Stored data:
##############################
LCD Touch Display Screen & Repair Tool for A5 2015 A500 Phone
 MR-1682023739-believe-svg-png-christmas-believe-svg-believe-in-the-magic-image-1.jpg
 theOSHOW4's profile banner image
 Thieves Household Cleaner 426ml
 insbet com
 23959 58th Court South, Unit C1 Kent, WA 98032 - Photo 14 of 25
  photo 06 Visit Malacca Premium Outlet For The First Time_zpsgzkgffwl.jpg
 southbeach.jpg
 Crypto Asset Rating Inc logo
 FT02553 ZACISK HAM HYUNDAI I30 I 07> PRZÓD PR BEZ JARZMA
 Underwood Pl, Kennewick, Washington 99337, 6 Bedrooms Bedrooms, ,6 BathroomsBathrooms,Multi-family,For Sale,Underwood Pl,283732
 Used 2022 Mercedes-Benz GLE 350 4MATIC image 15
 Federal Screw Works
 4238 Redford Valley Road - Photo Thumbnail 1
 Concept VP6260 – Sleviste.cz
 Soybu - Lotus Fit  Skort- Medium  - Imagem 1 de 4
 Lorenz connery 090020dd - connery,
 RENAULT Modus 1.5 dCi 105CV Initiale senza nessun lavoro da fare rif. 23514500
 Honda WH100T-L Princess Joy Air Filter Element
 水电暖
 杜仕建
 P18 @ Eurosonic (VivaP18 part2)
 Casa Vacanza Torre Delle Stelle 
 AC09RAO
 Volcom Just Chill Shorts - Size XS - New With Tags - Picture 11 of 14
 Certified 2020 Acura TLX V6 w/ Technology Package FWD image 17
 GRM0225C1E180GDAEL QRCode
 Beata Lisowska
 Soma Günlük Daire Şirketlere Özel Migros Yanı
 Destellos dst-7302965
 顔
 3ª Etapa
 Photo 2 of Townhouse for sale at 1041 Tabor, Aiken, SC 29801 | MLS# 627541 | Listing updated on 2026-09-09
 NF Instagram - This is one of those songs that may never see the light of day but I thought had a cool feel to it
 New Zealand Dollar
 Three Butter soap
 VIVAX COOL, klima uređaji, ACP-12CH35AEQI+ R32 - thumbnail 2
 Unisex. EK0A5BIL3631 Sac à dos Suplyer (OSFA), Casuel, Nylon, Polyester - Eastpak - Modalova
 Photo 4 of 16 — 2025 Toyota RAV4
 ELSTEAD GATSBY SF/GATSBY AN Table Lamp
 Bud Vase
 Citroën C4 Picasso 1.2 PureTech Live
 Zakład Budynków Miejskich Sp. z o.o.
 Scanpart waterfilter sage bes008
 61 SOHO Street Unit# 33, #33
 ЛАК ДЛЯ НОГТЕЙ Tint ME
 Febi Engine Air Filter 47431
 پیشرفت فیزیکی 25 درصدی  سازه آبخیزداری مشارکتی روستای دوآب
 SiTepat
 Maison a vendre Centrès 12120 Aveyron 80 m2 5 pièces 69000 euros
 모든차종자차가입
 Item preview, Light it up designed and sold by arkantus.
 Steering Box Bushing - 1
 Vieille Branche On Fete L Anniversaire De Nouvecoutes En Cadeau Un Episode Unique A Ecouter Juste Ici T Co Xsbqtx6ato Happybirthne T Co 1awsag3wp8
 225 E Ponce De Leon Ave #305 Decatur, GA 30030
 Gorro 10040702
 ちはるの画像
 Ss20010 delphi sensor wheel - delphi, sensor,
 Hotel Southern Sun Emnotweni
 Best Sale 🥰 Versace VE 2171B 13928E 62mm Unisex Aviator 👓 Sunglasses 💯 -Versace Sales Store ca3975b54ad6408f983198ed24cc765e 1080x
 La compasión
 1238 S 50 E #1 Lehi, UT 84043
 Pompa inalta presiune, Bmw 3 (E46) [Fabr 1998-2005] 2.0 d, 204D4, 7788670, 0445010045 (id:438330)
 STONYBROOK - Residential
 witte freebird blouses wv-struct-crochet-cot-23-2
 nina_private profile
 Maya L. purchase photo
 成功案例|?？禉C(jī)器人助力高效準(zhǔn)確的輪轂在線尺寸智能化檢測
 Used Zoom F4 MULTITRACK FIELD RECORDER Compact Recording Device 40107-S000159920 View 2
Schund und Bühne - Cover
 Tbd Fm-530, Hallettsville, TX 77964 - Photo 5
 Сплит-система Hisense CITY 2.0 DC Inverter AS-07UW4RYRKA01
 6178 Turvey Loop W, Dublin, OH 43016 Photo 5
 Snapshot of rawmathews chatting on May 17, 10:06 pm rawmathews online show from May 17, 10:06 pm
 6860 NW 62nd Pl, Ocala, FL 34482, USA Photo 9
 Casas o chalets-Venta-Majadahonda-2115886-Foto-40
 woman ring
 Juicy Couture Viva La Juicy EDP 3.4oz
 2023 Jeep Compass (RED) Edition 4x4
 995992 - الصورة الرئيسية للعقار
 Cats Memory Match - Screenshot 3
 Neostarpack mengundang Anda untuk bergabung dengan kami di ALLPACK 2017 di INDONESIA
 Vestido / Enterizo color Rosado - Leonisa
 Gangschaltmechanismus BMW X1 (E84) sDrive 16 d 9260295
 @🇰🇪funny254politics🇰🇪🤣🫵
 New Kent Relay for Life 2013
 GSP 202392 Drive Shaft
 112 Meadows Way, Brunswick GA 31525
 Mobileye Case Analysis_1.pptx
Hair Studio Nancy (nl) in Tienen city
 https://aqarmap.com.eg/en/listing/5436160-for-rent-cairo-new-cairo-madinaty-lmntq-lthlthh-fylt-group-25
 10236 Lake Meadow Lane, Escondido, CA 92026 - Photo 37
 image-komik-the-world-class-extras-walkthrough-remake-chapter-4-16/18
##############################
> **What to do**: Only a number is wanted here: how many lines in the entries contain the word "profile"?

> **Finished exercise**: 2